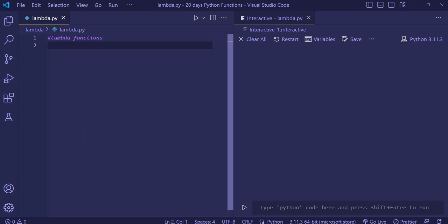Hello everyone, welcome back. This is day 4 and we are going to see lambda functions.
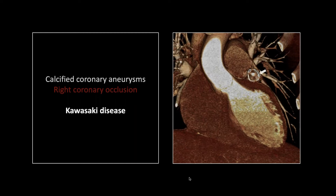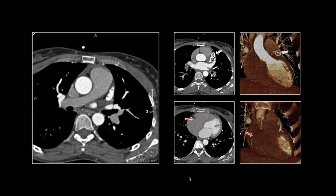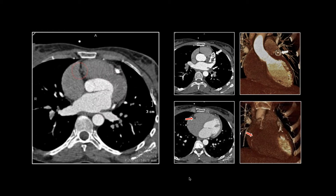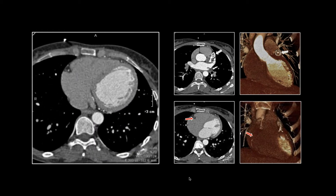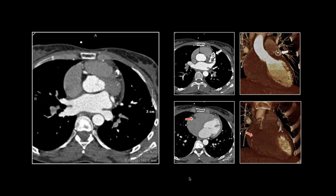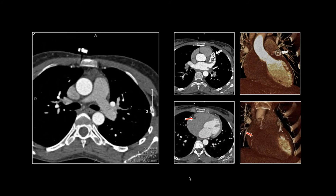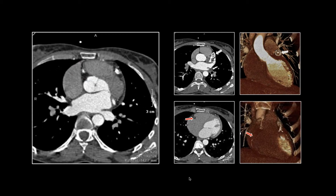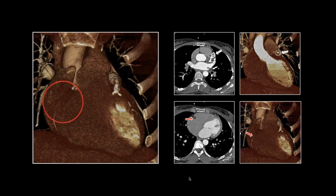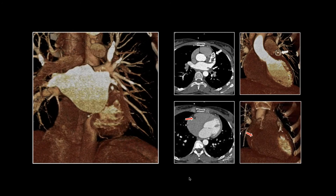The 3D is nice here — you can see the calcific rim of that aneurysm, and you can also see that occluded right coronary, which we ought to be seeing on the surface-shaded display. There they are: multiple calcified aneurysms, and there is the right coronary occlusion with some retrograde filling. Calcified aneurysms and a right coronary occlusion in a relatively young patient, further suggesting this was Kawasaki. There's that occluded segment of the right coronary, and there are the aneurysms — that's what they look like on a good 3D projection.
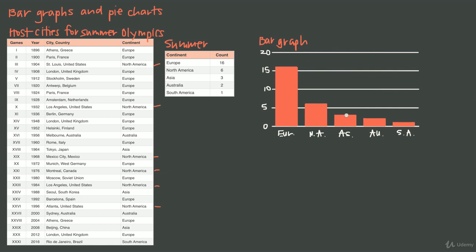We can also get estimates from the bar graph. Even when the vertical axis only shows increments of 5, we can say right away that Europe has hosted more than 15 times and fewer than 20, and we could probably guess about 16 or 17. Similarly, North America has hosted more than 5 but fewer than 10 times. We can immediately see that Asia, Australia, and South America have each hosted fewer than 5 times. This is a great visual way to summarize a lot of data.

TASK – Set the listing down exactly, without its pictures.

SOLUTION TO THE EXERCISE –
Hello everyone, welcome back. This is day 4 and we are going to see lambda functions.
The 3D is nice here — you can see the calcific rim of that aneurysm, and you can also see that occluded right coronary, which we ought to be seeing on the surface-shaded display. There they are: multiple calcified aneurysms, and there is the right coronary occlusion with some retrograde filling. Calcified aneurysms and a right coronary occlusion in a relatively young patient, further suggesting this was Kawasaki. There's that occluded segment of the right coronary, and there are the aneurysms — that's what they look like on a good 3D projection.
We can also get estimates from the bar graph. Even when the vertical axis only shows increments of 5, we can say right away that Europe has hosted more than 15 times and fewer than 20, and we could probably guess about 16 or 17. Similarly, North America has hosted more than 5 but fewer than 10 times. We can immediately see that Asia, Australia, and South America have each hosted fewer than 5 times. This is a great visual way to summarize a lot of data.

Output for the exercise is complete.